Les résultats d'entreprises au second trimestre devraient continuer de bénéficier de l'amélioration des fondamentaux économiques. Et la zone euro devrait de nouveau faire particulièrement bonne figure : la confiance des consommateurs dans la région, telle que calculée par la Commission européenne, a atteint en mai son plus haut niveau depuis juillet 2007. Et cette vague d'optimisme n'a commencé à se former qu'à l'automne dernier. Elle devrait par conséquent avoir encore de beaux mois devant elle. D'autant que la locomotive allemande demeure puissante, avec un indice IFO du sentiment des entreprises qui culmine aujourd'hui à son maximum depuis la réunification de 1991.
C'est en portant son regard au-delà des tous prochains mois qu’on distingue quelques freins à l'euphorie générale.
Pour l’avenir, il faut surveiller le phénomène de réflexivité à l’œuvre entre économie et politique, aux États-Unis, au Royaume-Uni et dans la zone euro
Pour l'instant, les vainqueurs des scrutins électoraux des douze derniers mois peuvent se vanter non seulement de leur victoire, mais aussi de leur bonne étoile. De Londres à Washington et de Paris à Séoul, les nouveaux dirigeants ont l'heur de débuter leur mandat en profitant d'un vent arrière économique inespéré. Et, comme on l'a vu, l'économie prime pour les investisseurs. Toutefois, on ne saurait ignorer le processus de « réflexivité », à l'œuvre entre politique et économie, c’est-à-dire l’émergence d’interactions en boucles entre causes et conséquences. La faiblesse de la croissance économique globale depuis la sortie de la grande crise financière, le contraste entre cette médiocrité et la progression spectaculaire des indices boursiers depuis 2009, l'impuissance des politiques à réduire les inégalités sociales entre simples salariés et bénéficiaires de cette inflation des actifs financiers dopés au « Quantitative easing », toutes ces sources profondes de mécontentement ont provoqué des ruptures politiques majeures.
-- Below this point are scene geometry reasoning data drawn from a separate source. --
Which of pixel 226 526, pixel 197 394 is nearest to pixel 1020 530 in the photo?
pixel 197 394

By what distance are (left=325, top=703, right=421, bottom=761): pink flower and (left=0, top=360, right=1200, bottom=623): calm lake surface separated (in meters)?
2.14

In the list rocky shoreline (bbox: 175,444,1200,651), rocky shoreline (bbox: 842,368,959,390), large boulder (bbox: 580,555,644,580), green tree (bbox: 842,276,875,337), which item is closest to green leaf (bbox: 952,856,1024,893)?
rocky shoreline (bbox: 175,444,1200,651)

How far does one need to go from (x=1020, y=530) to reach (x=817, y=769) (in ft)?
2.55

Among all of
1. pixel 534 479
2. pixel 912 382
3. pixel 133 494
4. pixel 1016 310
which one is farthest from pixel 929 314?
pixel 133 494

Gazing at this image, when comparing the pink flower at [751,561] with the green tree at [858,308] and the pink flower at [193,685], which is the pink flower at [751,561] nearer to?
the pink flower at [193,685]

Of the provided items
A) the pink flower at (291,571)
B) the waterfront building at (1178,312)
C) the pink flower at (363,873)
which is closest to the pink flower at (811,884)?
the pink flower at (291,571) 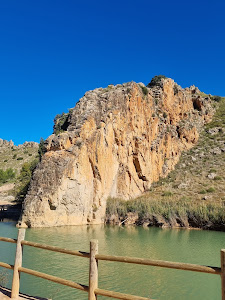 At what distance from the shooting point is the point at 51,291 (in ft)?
29.8

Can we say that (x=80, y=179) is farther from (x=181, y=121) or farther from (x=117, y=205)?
(x=181, y=121)

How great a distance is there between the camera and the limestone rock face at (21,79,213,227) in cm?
2972

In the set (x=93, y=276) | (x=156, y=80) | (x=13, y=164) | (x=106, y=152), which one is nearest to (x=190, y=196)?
(x=106, y=152)

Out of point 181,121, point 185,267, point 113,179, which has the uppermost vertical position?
point 181,121

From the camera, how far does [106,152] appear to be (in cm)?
3584

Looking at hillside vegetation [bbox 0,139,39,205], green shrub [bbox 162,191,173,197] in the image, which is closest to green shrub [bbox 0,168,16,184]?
hillside vegetation [bbox 0,139,39,205]

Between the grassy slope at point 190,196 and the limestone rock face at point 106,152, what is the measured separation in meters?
2.05

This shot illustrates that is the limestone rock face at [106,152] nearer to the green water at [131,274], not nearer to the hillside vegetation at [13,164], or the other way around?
the green water at [131,274]

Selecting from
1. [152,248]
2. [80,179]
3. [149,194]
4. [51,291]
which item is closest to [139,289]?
[51,291]

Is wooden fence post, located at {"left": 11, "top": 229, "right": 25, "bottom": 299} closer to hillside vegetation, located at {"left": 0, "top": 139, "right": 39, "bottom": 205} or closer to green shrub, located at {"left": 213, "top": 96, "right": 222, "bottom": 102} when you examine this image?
hillside vegetation, located at {"left": 0, "top": 139, "right": 39, "bottom": 205}

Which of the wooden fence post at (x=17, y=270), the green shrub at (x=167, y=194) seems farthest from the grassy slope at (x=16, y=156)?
the wooden fence post at (x=17, y=270)

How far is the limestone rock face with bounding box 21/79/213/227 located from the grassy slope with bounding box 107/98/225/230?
205 centimetres

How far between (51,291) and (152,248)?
9519mm

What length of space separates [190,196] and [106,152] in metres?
12.7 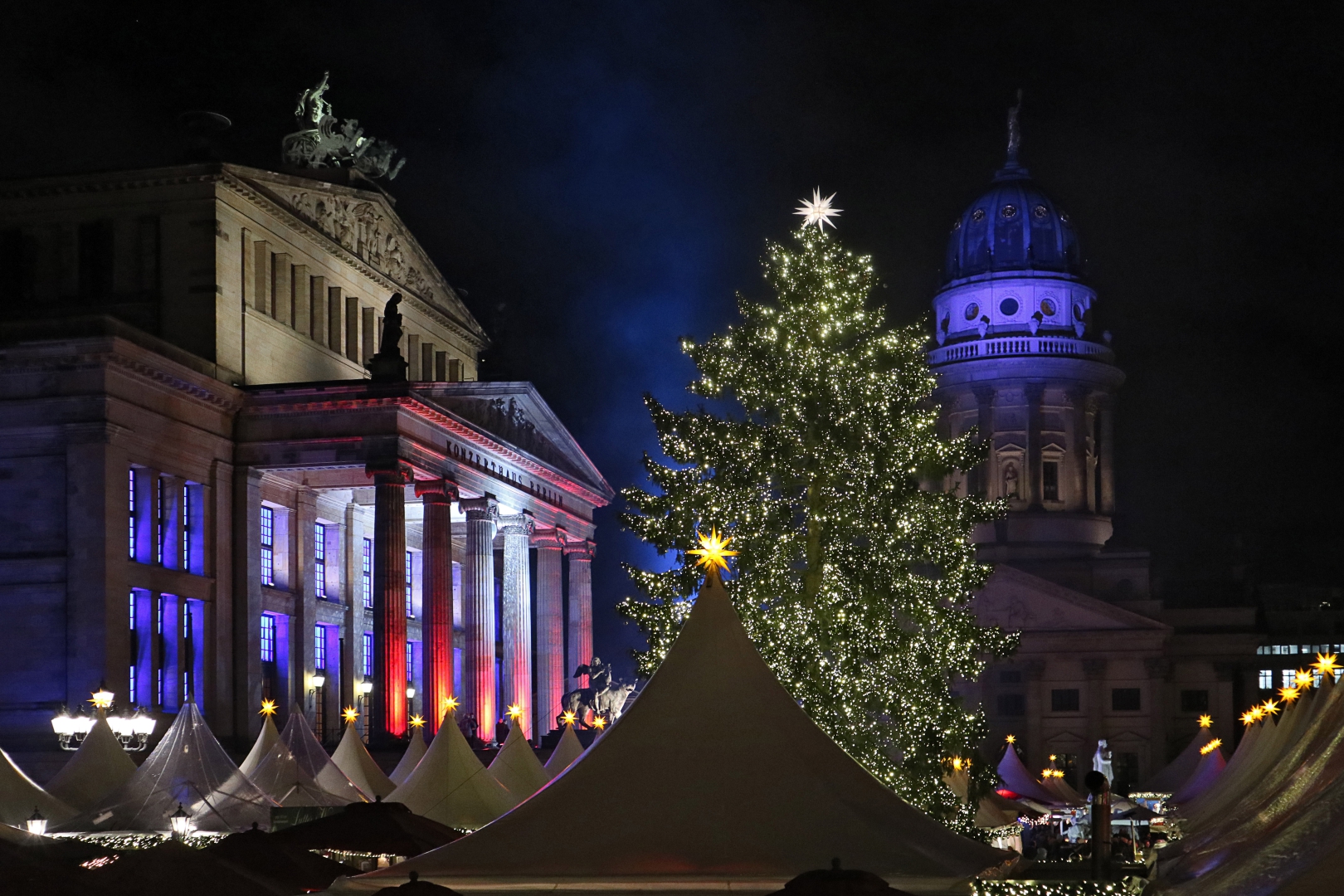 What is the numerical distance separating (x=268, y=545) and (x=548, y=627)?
14854mm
En retour, ces ruptures auront des conséquences économiques, que les marchés refléteront.
Ainsi aux Etats-Unis, la politique économique du Président Trump risque au final d'être moins disruptive que celle trompétée par le candidat. Les contraintes budgétaires, l'indiscipline (heureuse peut-être) de la majorité républicaine au Congrès, les imbroglios judiciaires, risquent bien d'avoir raison du grandiose projet de réforme fiscale qui avait fait saliver les marchés jusqu'en fin d'année 2016 et relever le cours du dollar. Le cycle économique américain devra probablement se résigner bientôt à subir son vieillissement naturel.
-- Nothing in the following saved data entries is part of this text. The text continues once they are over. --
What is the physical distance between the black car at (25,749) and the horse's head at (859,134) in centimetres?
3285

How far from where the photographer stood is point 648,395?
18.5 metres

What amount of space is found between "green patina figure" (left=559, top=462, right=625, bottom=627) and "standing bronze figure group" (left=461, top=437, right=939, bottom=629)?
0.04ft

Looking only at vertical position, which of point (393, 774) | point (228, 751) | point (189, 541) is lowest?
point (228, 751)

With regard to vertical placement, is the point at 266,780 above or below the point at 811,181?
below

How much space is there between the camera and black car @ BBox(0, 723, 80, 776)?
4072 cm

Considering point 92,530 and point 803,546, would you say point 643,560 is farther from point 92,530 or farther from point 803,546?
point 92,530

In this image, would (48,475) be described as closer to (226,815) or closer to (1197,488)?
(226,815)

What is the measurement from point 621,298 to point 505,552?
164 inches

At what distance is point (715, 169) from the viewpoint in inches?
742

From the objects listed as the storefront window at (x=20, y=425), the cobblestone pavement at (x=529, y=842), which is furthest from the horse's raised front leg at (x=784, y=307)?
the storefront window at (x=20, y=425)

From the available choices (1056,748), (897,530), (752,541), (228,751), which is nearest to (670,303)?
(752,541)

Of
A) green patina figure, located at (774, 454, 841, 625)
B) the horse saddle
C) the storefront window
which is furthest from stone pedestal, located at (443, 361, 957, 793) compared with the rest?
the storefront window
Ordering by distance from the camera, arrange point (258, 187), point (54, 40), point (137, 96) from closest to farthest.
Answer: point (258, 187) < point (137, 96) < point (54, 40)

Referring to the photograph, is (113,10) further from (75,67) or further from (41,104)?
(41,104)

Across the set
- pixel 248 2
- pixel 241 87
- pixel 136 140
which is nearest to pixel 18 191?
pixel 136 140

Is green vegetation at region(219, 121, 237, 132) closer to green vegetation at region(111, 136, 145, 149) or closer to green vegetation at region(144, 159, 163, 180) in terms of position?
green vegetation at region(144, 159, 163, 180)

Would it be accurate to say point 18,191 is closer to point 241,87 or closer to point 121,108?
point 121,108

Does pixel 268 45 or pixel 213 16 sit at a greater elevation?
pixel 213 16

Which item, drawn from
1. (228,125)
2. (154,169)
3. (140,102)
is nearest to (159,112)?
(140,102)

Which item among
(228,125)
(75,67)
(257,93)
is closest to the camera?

A contrario, le « Brexit », lui, aura bien lieu. Et en respectant à la lettre le choix politique exprimé par les citoyens britanniques en juin 2016, la sortie de l'Union Européenne risque d'infléchir considérablement la trajectoire économique du Royaume-Uni (voir notre Note d’avril). Le rythme d'inflation, alimenté par l’affaiblissement de la livre sterling, a déjà atteint 2,5% en moyenne sur mars et avril, précipitant la décrue des salaires réels au rythme le plus rapide depuis 2014. Sur le mois d'avril, cette ponction sur le pouvoir d'achat s'est traduite dans des ventes au détail décevantes. La croissance de l'économie britannique est déjà en net ralentissement au premier trimestre (+0,3% contre + 0,7% au dernier trimestre 2016). La monnaie britannique risque de demeurer la variable d’ajustement principale d’une économie qui affiche un fort déficit courant et que l’incertitude du Brexit rendra de plus en plus difficile à financer.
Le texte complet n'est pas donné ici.